Fig. 26 Chart of displacement by four methods of the fourth mode and second problem
Fig. 27 Chart of radial stress by four methods of the fourth mode and second problem
Fig. 28 Chart of hoop stress by four methods of the fourth mode and second problem
Fig. 29 Chart of radial strain by four methods of the fourth mode and second problem
Fig. 30 Chart of hoop strain by four methods of the fourth mode and second problem
Overall in this paper, we deliberated two problems; each one of them had a different geometry and loading. It is concluded that the amount of stress and strain will increase with the decrease of disk dimensions as well as an increase in the amount of eccentricity force and temperature difference. The second problem was contemplated in four states and it is concluded that, when adding boundary conditions, as a result to the boost of radial loading, there is an increase in the amount of stress and strain, although it is not very much due to the small the amount of boundary loading relative to the original loading.

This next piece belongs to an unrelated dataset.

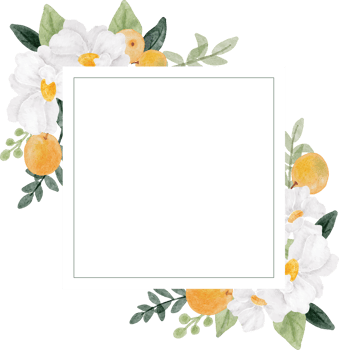 watercolor white flower and orange fruit wreath frame banner background png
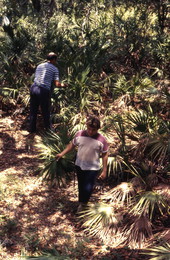 Men harvesting palmettos - Tampa, Florida.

Solving the problem by dissimilar methods leads to validate of the results, and the capability of each method in this kind of problems was estimated. VMP method doesn’t lead to any exact answer in nodes, because of the gain of stress and strain in the middle points of each element and discontinuity in the nodes. It is a drawback of this method, but we can compensate this drawback by increasing the number of elements. Runge–Kutta method is an iterative finite element method. The advantage of this method is exact solutions as a result of being exact the own boundary conditions of loading, and the drawback of the method is timeconsuming. It can be said that the Galerkin method is so extensive and each state of this method can be applied the best to answer a family of problems. The Hermitian element method utilized in this paper continues in nodes owing to presence of derivative terms of displacement related to the location in the nodes. This method has the capability of computation of stress and strain in the middle of the element and in the nodes. The critical points of stress in most of the states are in the middle of the disk for radial stress and in the boundaries for environmental stress. At the equivalent stress, this also occurs in the initial and the final terminations of the disk.

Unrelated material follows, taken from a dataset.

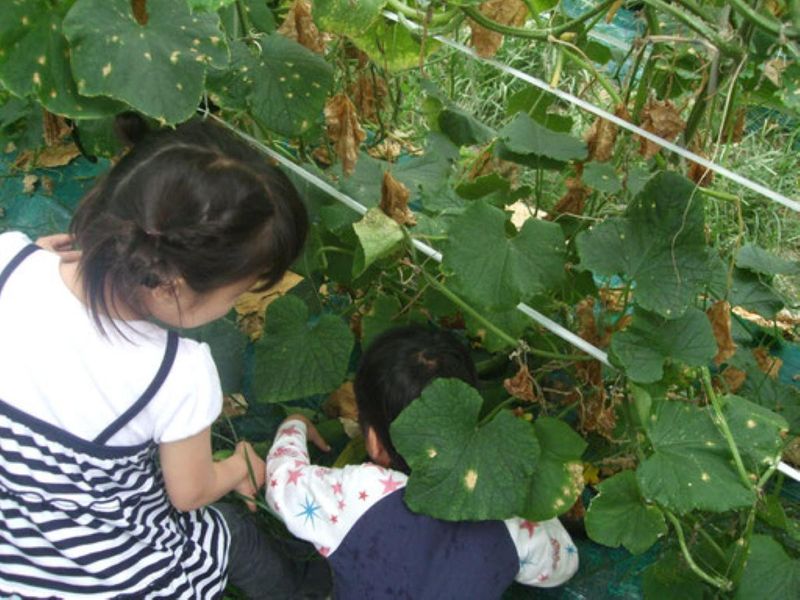 社会福祉法人彩の国ふかや福祉会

Comparing two numerical computed problems (section 5.1 with 5.3) reducing disk size, lead to decreasing maximum displacement of 0.00083m to 0.00068 m, increasing the maximum radial stress value from 51 MPa to 240 MPa and increasing the maximum environmental stress from 160 MPa to 580 MPa. Also, values of radial and environmental strains increased from 0.0025 to 0.0065 and from 0.0023 to 0.0095, respectively.
Comparing the first problem with properties independent of temperature with properties dependence to temperature (results in sec. 5.1 and 5.2) shows that considering thermal effects i.e., the results of Section 5.1 in comparison with Section 5.2, cause increase in maximum displacement from 0.00083 to 0.0019 mm, in maximum radial stress from 51 to 79 MPa and in maximum environmental stress from 160 MPa to 210 MPa. Moreover, values of radial and environmental strains increased from 0.0025 to 0.012 and from 0.0023 to 0.0038 respectively.
Comparing the ideal loading condition for the second problem (Section 5.3) with the most critical condition of second problem (Section 5.6) shows that the maximum displacement increased from 0.00068 to 0.00078 mm, the maximum radial stress increased from 240 to 340 MPa, and the maximum environmental stress increased from 580 to 700 MPa. Also, values of radial and environmental strains increased and reduced from 0.0065 to 0.018 and from 0.0095 to 0.0093, respectively.